The Oxford Spires Dataset: Benchmarking Large-Scale LiDAR-Visual Localisation, Reconstruction and Radiance Field Methods

This paper introduces a large-scale multi-modal dataset captured in and around well-known landmarks in Oxford using a custom-built multi-sensor perception unit as well as a millimetre-accurate map from a Terrestrial LiDAR Scanner (TLS). The perception unit includes three synchronised global shutter colour cameras, an automotive 3D LiDAR scanner, and an inertial sensor - all precisely calibrated. We also establish benchmarks for tasks involving localisation, reconstruction, and novel-view synthesis, which enable the evaluation of Simultaneous Localisation and Mapping (SLAM) methods, Structure-from-Motion (SfM) and Multi-view Stereo (MVS) methods as well as radiance field methods such as Neural Radiance Fields (NeRF) and 3D Gaussian Splatting. To evaluate 3D reconstruction the TLS 3D models are used as ground truth. Localisation ground truth is computed by registering the mobile LiDAR scans to the TLS 3D models. Radiance field methods are evaluated not only with poses sampled from the input trajectory, but also from viewpoints that are from trajectories which are distant from the training poses. Our evaluation demonstrates a key limitation of state-of-the-art radiance field methods: we show that they tend to overfit to the training poses/images and do not generalise well to out-of-sequence poses. They also underperform in 3D reconstruction compared to MVS systems using the same visual inputs. Our dataset and benchmarks are intended to facilitate better integration of radiance field methods and SLAM systems. The raw and processed data, along with software for parsing and evaluation, can be accessed at https://dynamic.robots.ox.ac.uk/datasets/oxford-spires/.

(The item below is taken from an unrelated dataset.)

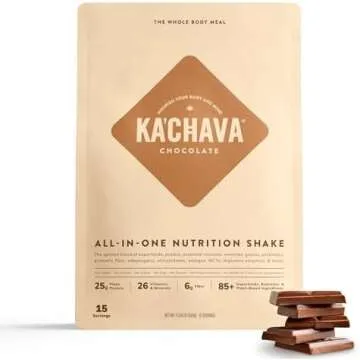 Favorite Protein Powders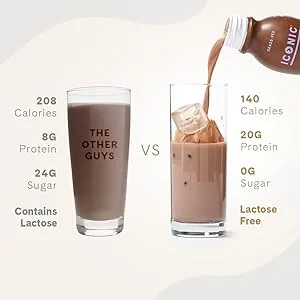 Iconic Protein Drinks, Sample Pack (4 Flavors) - Low Carb Protein Shakes - Lactose-Free, Gluten-Free, Protein Drink - Keto Friendly - convenient ready to drink grab and go healthy snack breakfast for kids for women pre workout post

SiLVR: Scalable Lidar-Visual Reconstruction with Neural Radiance Fields for Robotic Inspection

We present a neural-field-based large-scale reconstruction system that fuses lidar and vision data to generate high-quality reconstructions that are geometrically accurate and capture photo-realistic textures. This system adapts the state-of-the-art neural radiance field (NeRF) representation to also incorporate lidar data which adds strong geometric constraints on the depth and surface normals. We exploit the trajectory from a real-time lidar SLAM system to bootstrap a Structure-from-Motion (SfM) procedure to both significantly reduce the computation time and to provide metric scale which is crucial for lidar depth loss. We use submapping to scale the system to large-scale environments captured over long trajectories. We demonstrate the reconstruction system with data from a multi-camera, lidar sensor suite onboard a legged robot, hand-held while scanning building scenes for 600 metres, and onboard an aerial robot surveying a multi-storey mock disaster site-building. Website: https://ori-drs.github.io/projects/silvr/

Hilti-Oxford Dataset: A Millimetre-Accurate Benchmark for Simultaneous Localization and Mapping

Simultaneous Localization and Mapping (SLAM) is being deployed in real-world applications, however many state-of-the-art solutions still struggle in many common scenarios. A key necessity in progressing SLAM research is the availability of high-quality datasets and fair and transparent benchmarking. To this end, we have created the Hilti-Oxford Dataset, to push state-of-the-art SLAM systems to their limits. The dataset has a variety of challenges ranging from sparse and regular construction sites to a 17th century neoclassical building with fine details and curved surfaces. To encourage multi-modal SLAM approaches, we designed a data collection platform featuring a lidar, five cameras, and an IMU (Inertial Measurement Unit). With the goal of benchmarking SLAM algorithms for tasks where accuracy and robustness are paramount, we implemented a novel ground truth collection method that enables our dataset to accurately measure SLAM pose errors with millimeter accuracy. To further ensure accuracy, the extrinsics of our platform were verified with a micrometer-accurate scanner, and temporal calibration was managed online using hardware time synchronization. The multi-modality and diversity of our dataset attracted a large field of academic and industrial researchers to enter the second edition of the Hilti SLAM challenge, which concluded in June 2022. The results of the challenge show that while the top three teams could achieve accuracy of 2cm or better for some sequences, the performance dropped off in more difficult sequences.